§ **TASK ITEM**:
Set out the records below again exactly; skip the images.

§ **PROVIDED ENTRIES**:

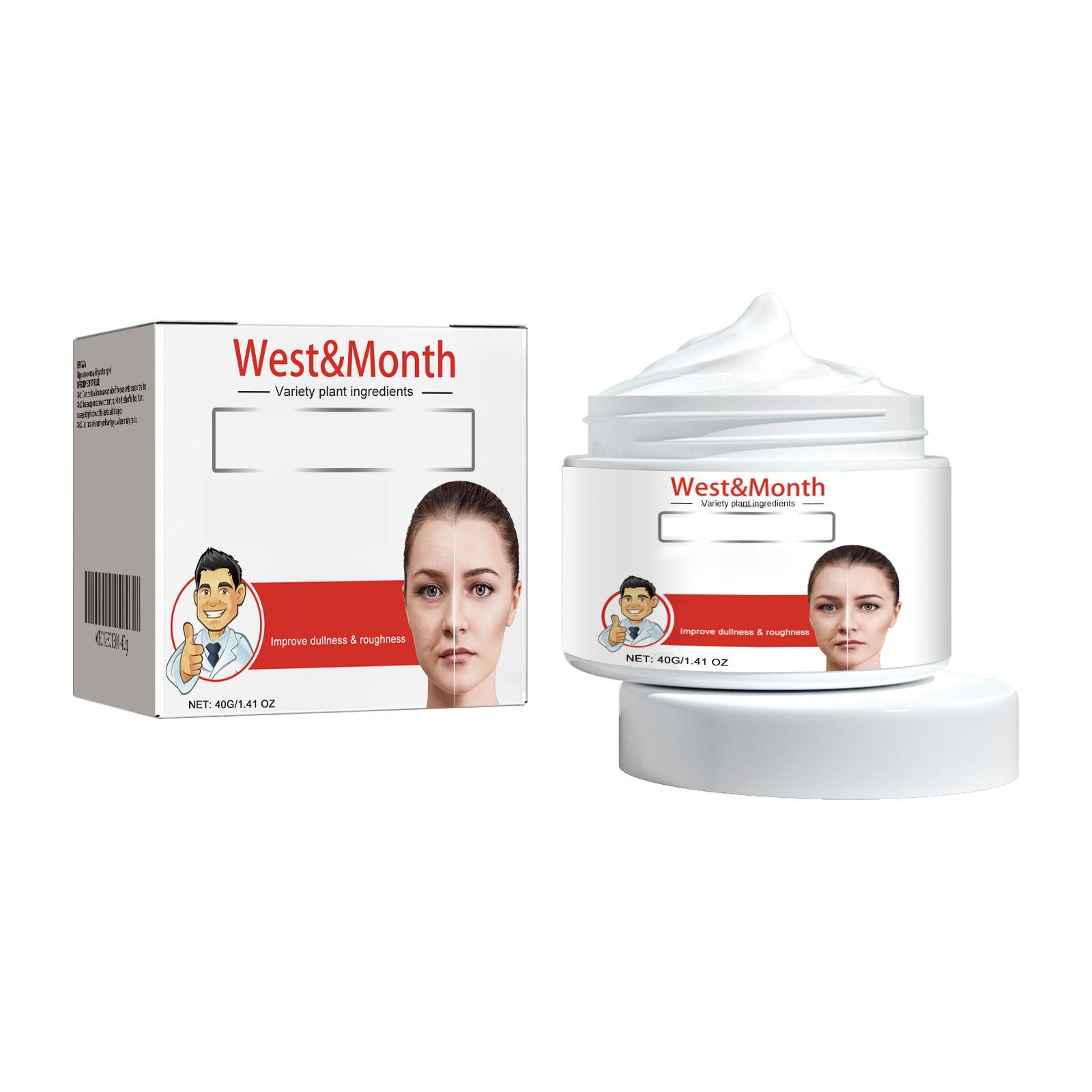 West&Month Gentle Moisturizing Facial Moisturizing Cream Home Basic Soothing Dry Skin Daily Surface Care Cream 40g
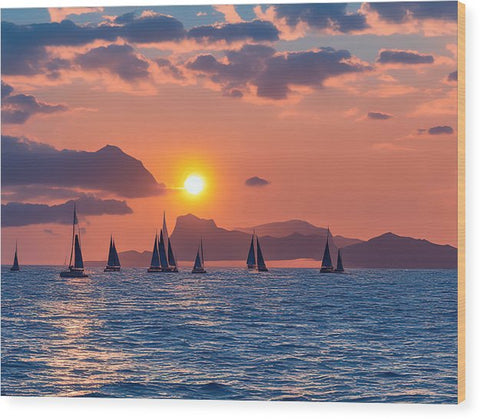 a large set of sailboats on the water with the sun setting behind them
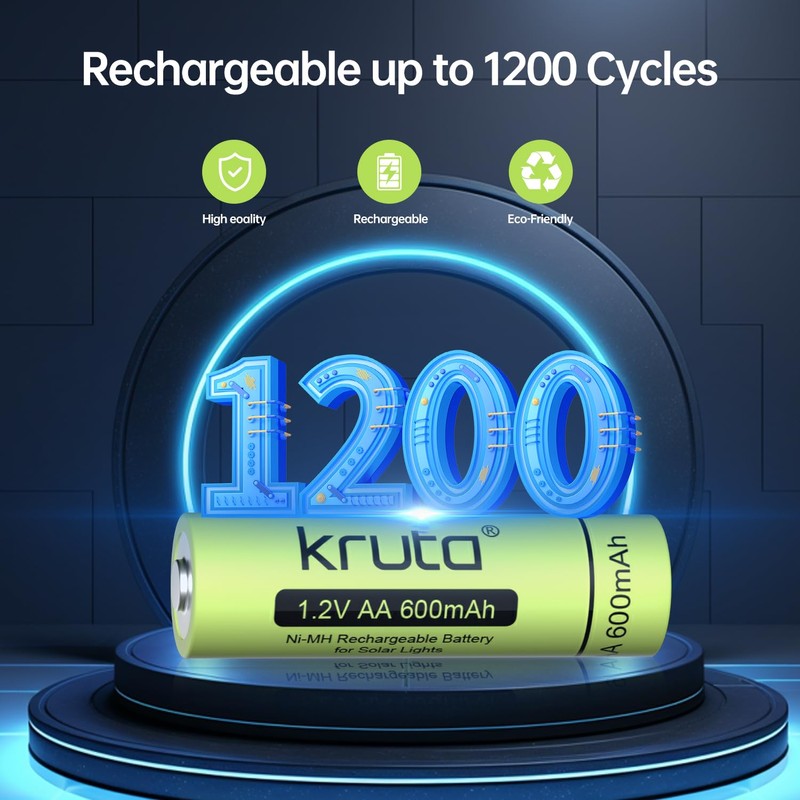 Kruta Rechargeable AA Battery for Outdoor Solar Lights, 12 Pack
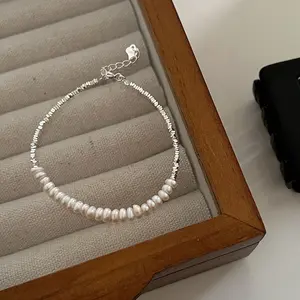 Broken Silver Pearl Bracelet 925 Sterling Silver Irregular Cut Niche Design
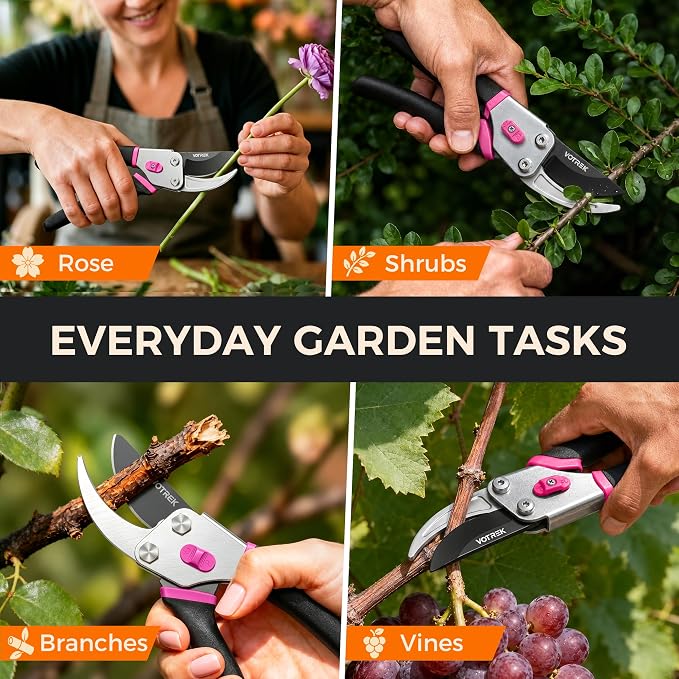 VOTREK® Pruning Shears, 8.5” Professional Garden Pruner with Jam-Proof Spring & Ever-Sharp SK5 Blade, Ergonomic Bypass Clippers for Rose, Tree, Heavy Duty Bonsai Scissor for Weak Hand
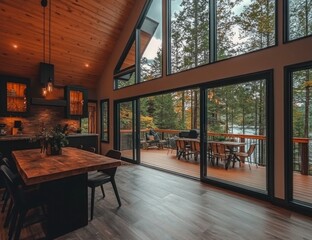 Large open living room with a wooden floor and a large window. The room is filled with furniture, including a dining table and chairs, and a couch. The room has a warm and inviting atmosphere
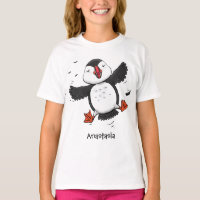 Cute happy flying puffin blue cartoon illustration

§ **ANSWER FOR THIS EXERCISE**:
 West&Month Gentle Moisturizing Facial Moisturizing Cream Home Basic Soothing Dry Skin Daily Surface Care Cream 40g
 a large set of sailboats on the water with the sun setting behind them
 Kruta Rechargeable AA Battery for Outdoor Solar Lights, 12 Pack
 Broken Silver Pearl Bracelet 925 Sterling Silver Irregular Cut Niche Design
 VOTREK® Pruning Shears, 8.5” Professional Garden Pruner with Jam-Proof Spring & Ever-Sharp SK5 Blade, Ergonomic Bypass Clippers for Rose, Tree, Heavy Duty Bonsai Scissor for Weak Hand
 Large open living room with a wooden floor and a large window. The room is filled with furniture, including a dining table and chairs, and a couch. The room has a warm and inviting atmosphere
 Cute happy flying puffin blue cartoon illustration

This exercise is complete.